Published May 2015
Polychloroprene is noted primarily for its resistance to weathering, aging and heat, wear, tearing, water and a large number of chemicals over a long period of time, and soil bacteria and fungi; excellent combustion behavior; average resistance to oils; good strength; good adhesion to materials; low gas permeability; and good electrical properties for a large number of applications. However, it tends to be higher priced than other elastomers, has only fair dielectric properties, a mediocre resistance to low temperatures, and loses resilience above 120°C. Because average under-the-hood temperatures in automobiles continue to increase, automakers have been substituting with competing elastomers; for example, thermoplastic elastomers compete heavily in these markets, offering the additional advantage of recyclability.

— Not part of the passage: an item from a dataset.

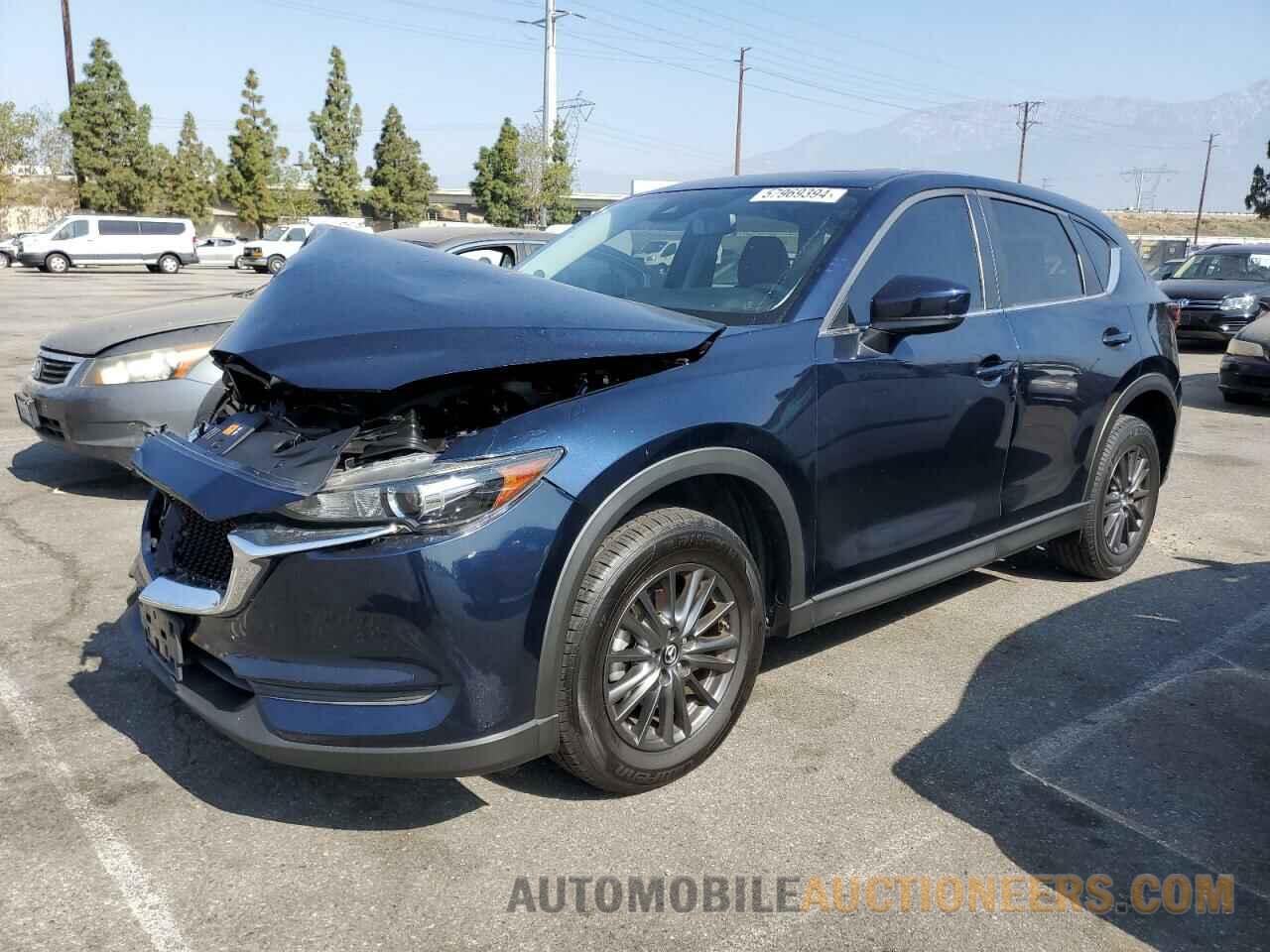 JM3KFACM7L0850148 MAZDA CX-5 2020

The following pie chart shows world consumption of polychloroprene elastomers:
The largest consuming countries/regions for polychloroprene elastomers continue to be China, the United States, and Western Europe. These three countries/regions have accounted for nearly 60% of total global polychloroprene consumption in recent years.
As a result of substitution and spot weakness in demand, the development of the polychloroprene industry continues to decelerate; however, some applications, especially adhesives, industrial goods, and consumer products, continue to have market demand.
Japan continues to hold the largest polychloroprene capacity in the world, and in 2014, 84% of the total Japanese polychloroprene production was exported. The main export destinations were other Asian countries, accounting for about 65% of total exports in 2014.
Worldwide consumption of polychloroprene is expected to increase in the next five years, led by growth in Asian countries (excluding Japan and South Korea). Consumption growth in the more developed regions of the world is expected to be flat to slightly positive (in the United States and Western Europe), and slightly declining in Japan. Global polychloroprene rubber consumption is forecast to grow at an average annual rate of 1.4% to 2019.